And believe me, there’s nothing more important than a satisfying climax (and nothing more unsatisfying than the lack thereof). Whether your POV character is victorious or dies horribly, there’s gotta be a payoff. And it’s gotta be good.
So on top of your cunning imagination, do your homework. If you’re inflicting damage, get the damage right. (Forensic pathology freaks will call you on it if you don’t, and they now number in the trillions.) If you’re utilizing traditional methods of destruction (guns, cars, bombs, bare knuckles, etc.), make sure you know how they actually work in violent practice.
When using monsters, of course, you have a little more leeway; but the more otherworldly your mythical creature is, the more it behooves you to ground its impact in the grittiest, most believable earthly terms.
I tend to open all my books with galvanizing action as a readerly incentive to keep on going. There’s something to be said for starting out with a bang, with a punch line that punches ’em right in the heart. Or face. Or soul. Or wherever I’m aiming.

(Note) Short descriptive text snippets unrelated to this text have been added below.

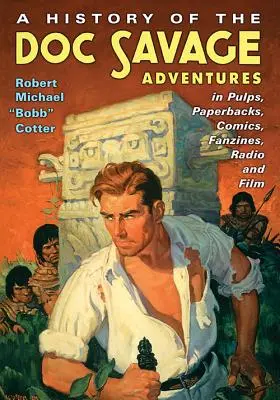 História dobrodružstiev Doca Savagea v pulpoch, paperbackoch, komiksoch, fanzinoch, rozhlase a filme - A History of the Doc Savage Adventures in Pulps, Paperbacks, Comics, Fanzines, Radio and Film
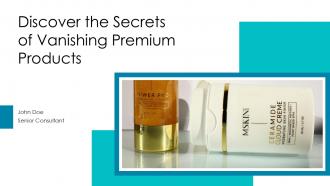 Discover The Secrets Of Vanishing Premium Products PPT Presentation ST AI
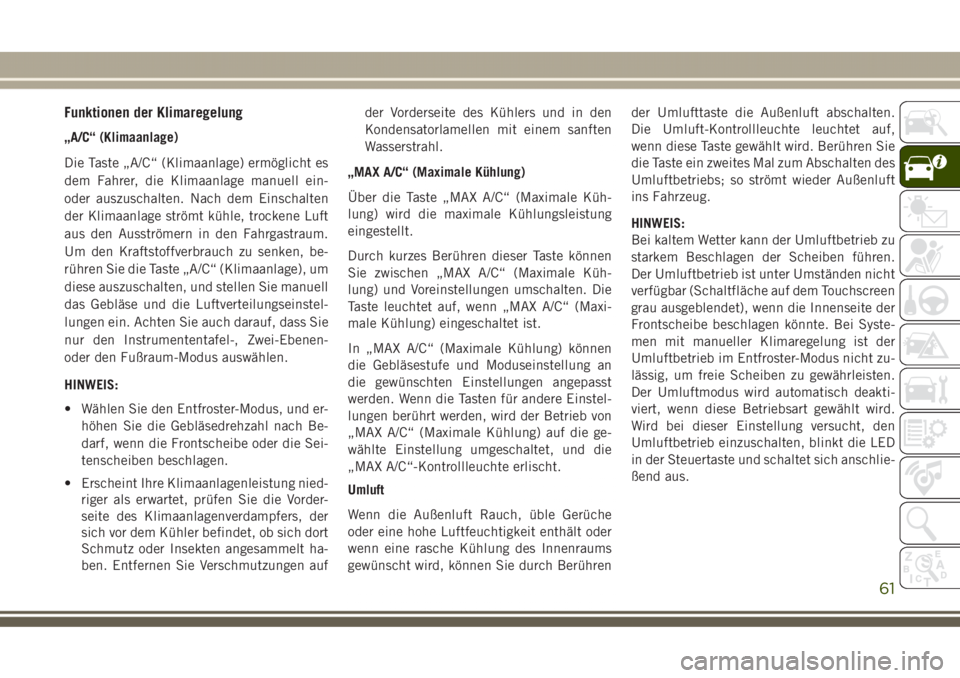 JEEP GRAND CHEROKEE 2017  Betriebsanleitung (in German) Funktionen der Klimaregelung
„A/C“ (Klimaanlage)
Die Taste „A/C“ (Klimaanlage) ermöglicht es
dem Fahrer, die Klimaanlage manuell ein-
oder auszuschalten. Nach dem Einschalten
der Klimaanlage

But whether you’re that kind of roughhousing writer or not, these skills can always come in handy. (For the record, I treat just about everything—including dialogue—like action. It keeps the prose sharp and punchy, and therefore fun to write and read.)
EXERCISE
Construct a fight scene between two characters you know well. You can take two to three pages of buildup, just to get everything clear between them before the violence starts. (They can be friends, enemies, predators or prey, human or otherwise. Those dynamics are up to you.)
For the next two to three pages, write nothing but action. From the moment it starts, it does not stop until one or both of them is down.
Zero in on power words you feel in your gut. This is not the time to get cute or poetic, unless the poetry has real muscle and teeth. I recommend you alternate between short, staccato word bursts and flowing stream-of-violent-consciousness. In an exercise like this, it’s all about rhythm, impact, and momentum.
Bottom line, action is character. What we do in the clinch is what exposes us in motion. How brave. How competent. How terrified. How unprepared.
Whoever we are in that moment stands revealed.
Extra Bonus Tip: If you’re not a fighter yourself, make friends with some cool, smart people who are, and grill them on their strategic experience. If possible, get them to act your fight scene out for you, to demonstrate the flaws, and illustrate the more accurate realities.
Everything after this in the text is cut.